- _Goal of the exercise_
Repeat the listing exactly, line by line, and leave the pictures behind.

- _Stored data_
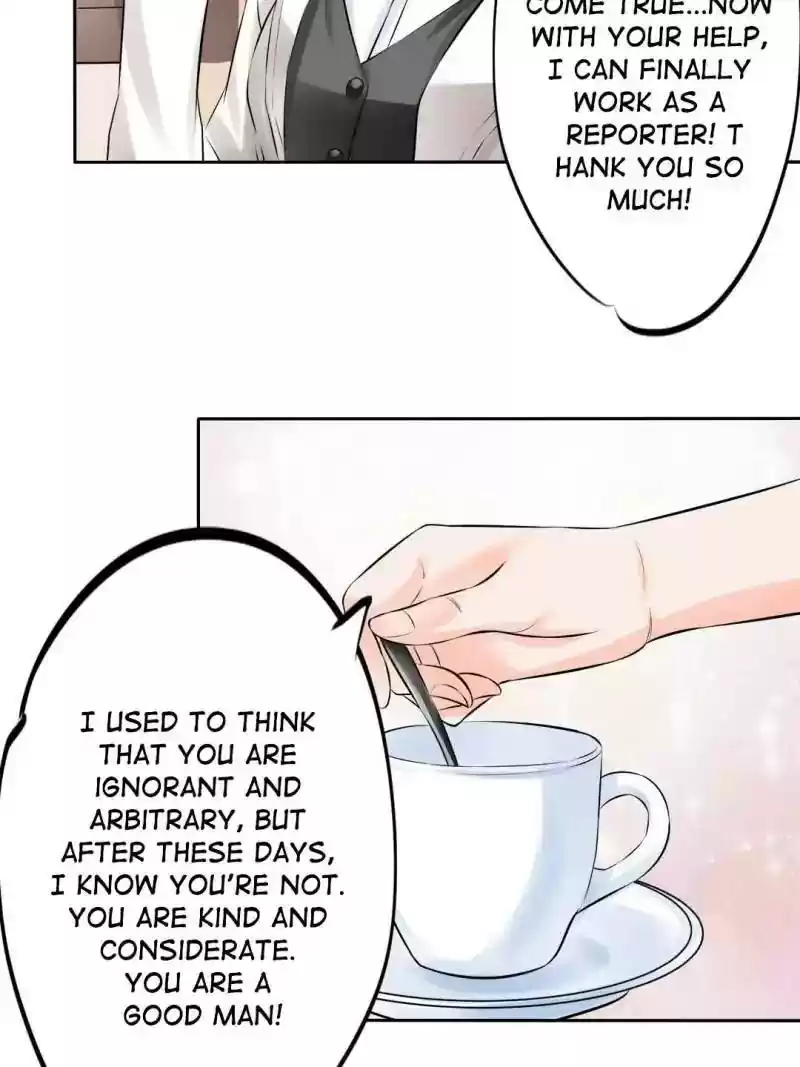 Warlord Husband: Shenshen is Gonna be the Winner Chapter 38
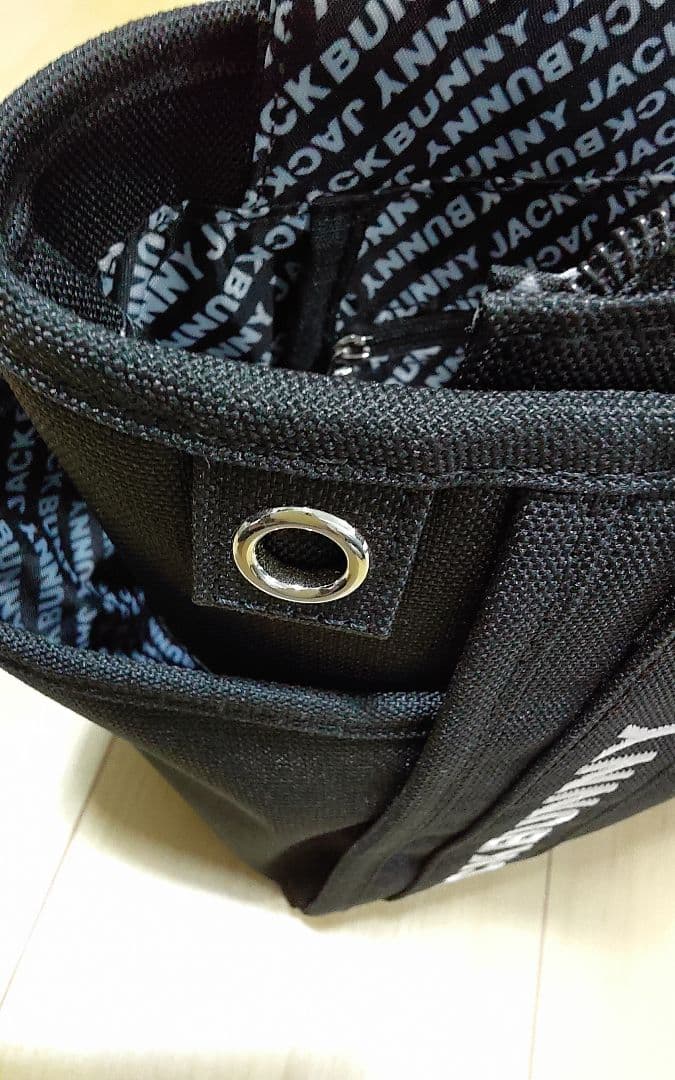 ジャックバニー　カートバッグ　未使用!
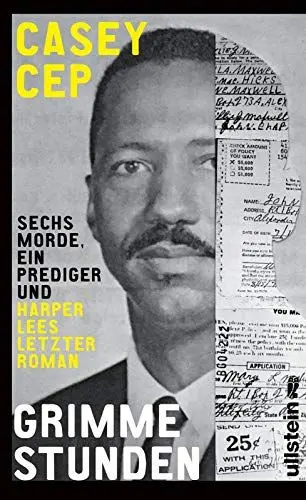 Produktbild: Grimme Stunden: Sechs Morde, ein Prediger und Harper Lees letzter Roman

- _Output below_
 Warlord Husband: Shenshen is Gonna be the Winner Chapter 38
 ジャックバニー　カートバッグ　未使用!
 Produktbild: Grimme Stunden: Sechs Morde, ein Prediger und Harper Lees letzter Roman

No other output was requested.